We prove a ``no-go theorem'' which states that effects of CP 
violating phase disappear in the $\nu_e$ survival probability to the 
leading order in electroweak interaction. 
The effects due to the next-to-leading order correction is 
estimated to be extremely small, effectively closing the door to 
the possibility we intended to pursue.


\end{abstract}
\newpage
%%%%%%%%%%%%%%%%%%%%%%%%

Exciting discovery of neutrino oscillation in atmospheric neutrino
observation \cite {SKatm} strongly suggests that neutrinos are massive. 
Then, it is likely that the leptonic CKM \cite{CKM} matrix, which is 
now called \cite {Ramond} as the Maki-Nakagawa-Sakata (MNS) 
\cite{MNS} matrix, exists so that the nature admits
CP violation in the lepton sector. The CP violation in the
lepton sector has been the topics of interests because of various
reasons; on the one hand it may inherit a key to understanding the
lepton-quark correspondence, and on the other hand it may provide
us with an intriguing mechanism for generating baryon asymmetry in
our universe \cite {FY}.

It is then important to explore the methods for measuring leptonic
CP violating phase. Neutrino oscillation has been known to be one
of the promising ways of measuring effects of CP violation 
\cite{early}. Its
effect may be detectable if the flavor mixing angles are not small.
Recently, detailed investigations have been done to investigate how
to measure CP violation in long-baseline neutrino oscillation
experiments, with particular emphasis on how to discriminate matter
effect contamination from the genuine effect of the Kobayashi-Maskawa 
phase \cite{AKS,MN,Tani,BGW,DRGH}.

We consider in this paper an alternative possibility of measuring
CP violation by precise measurement of the solar neutrino flux, 
assuming that neutrinos interact as dictated by the standard 
electroweak theory. 
Unfortunately, we will end up with the "no-go theorem". 
That is, we will show that the effects of CP violating phase 
vanish in any observables in solar neutrino experiments 
to leading order in the electroweak interaction.
While the "theorem" is not quite a theorem because its validity 
is limited to leading order, it effectively closes the door to any 
practical attempts to measure CP violating effects in solar neutrino 
experiments because the higher order effects are so small.
Or, in other word, if a single effect of CP violating phase is 
detected in a solar neutrino experiment, then it would imply the 
existence of the neutrino interactions beyond that of the standard 
model. 

The goal of our argument in the first half of this paper is to show
that the effect of CP-violating phase vanishes to first order in
electroweak interactions in the survival probability 
$P(\nu_e\rightarrow \nu_e)$. Notice that the solar neutrino observation 
is inherently a disappearance experiment; there is no way to detect 
appearance events in charged current interactions because the energy 
is well below the thresholds, and the neutral current interaction 
cannot distinguish between $\nu_\mu$ and $\nu_\tau$.

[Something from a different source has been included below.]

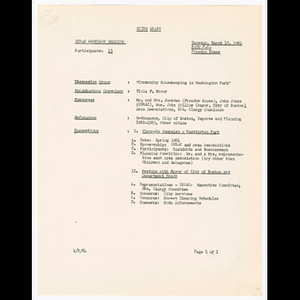 Reports, minutes, attendance list and summary and comments for area #4 meeting, Citizens Urban Renewal Action Committee (CURAC) "Community housekeeping in Washington Park" workshop and police-community relations workshop in March 1964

Toward the goal let us start by recalling the well known results for 
vacuum neutrino oscillation. There exists a general theorem that 
states that the measure for CP violation vanishes in the disappearance 
probability, i.e. 
\begin{equation}
P(\nu_\alpha \rightarrow \nu_\alpha) - 
P(\bar{\nu}_\alpha \rightarrow \bar{\nu}_\alpha) = 0
\end{equation}
in vacuum. Hereafter, the Greek indices label the flavor 
eigenstates; $\alpha = e, \mu, \tau$ for three-generations. 
This comes from the CPT invariance which implies that 
$P(\nu_{\alpha}\rightarrow \nu_{\beta}) = 
P(\bar{\nu_{\beta}} \rightarrow \bar{\nu_{\alpha}})$.
The lepton flavor mixing is described by the mixing matrix
$U_{\alpha i}$ that relates the flavor eigenstate $\nu_{\alpha}$
and mass eigenstate $\nu_i$ as $\nu_{\alpha} = U_{\alpha i}\nu_i$,
where i is the index for specifying mass eigenstates.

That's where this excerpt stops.